This page has been proofread, but needs to be validated.
FRANCIS THOMPSON
151

Of formally devotional poetry Francis Thompson has written little—"Ex Ore Infantium," the soaring, surging lines of "Assumpta Maria," and a few others. Yet through all his work the spiritual element is the one commanding, indubitable thing. And religion is more than an emotion to him: it is a philosophy. The mystery of pain and evil one finds acknowledged, not lightly, but through cataclysmic rending of the spirit; and a thousandfold more convincing, because of this wide-eyed out-look upon Life, is the poet's ultimate and persistent hold upon Faith. "If hate were none," he has somewhere dared to ask:

If hate were none, would love burn lowlier bright?
God's fair were guessed scarce but for opposite sin;
Yea, and His mercy, I do think it well,
Is flashed back from the brazen gates of Hell.

Throughout the mystical poems which form, then, so large a proportion of Thompson's work, there burns a most poignant message. It is the old, primal story of God and the soul, and one finds it thrilling with never-to-be-forgotten intensity in that magnificent ode, "The Hound of Heaven."

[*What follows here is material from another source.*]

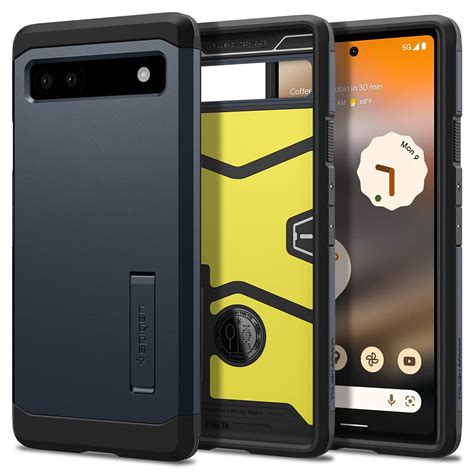 Spigen Tough Armor Back Cover Case Compatible With Google Pixel 6a TPU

I fled Him, down the nights and down the days;
I fled Him, down the arches of the years;
I fled Him, down the labyrinthine ways
Of my own mind; and in the mist of tears
I hid from Him, and under running laughter.
Up vistaed hopes I sped;
And shot, precipitated
Adown Titanic glooms of chasmed fears,
From those strong Feet that followed, followed after.
But with unhurrying chase,
And unperturbéd pace,
Deliberate speed, majestic instancy,
They beat—and a Voice beat,
More instant than the Feet—
"All things betray thee, who betrayest Me."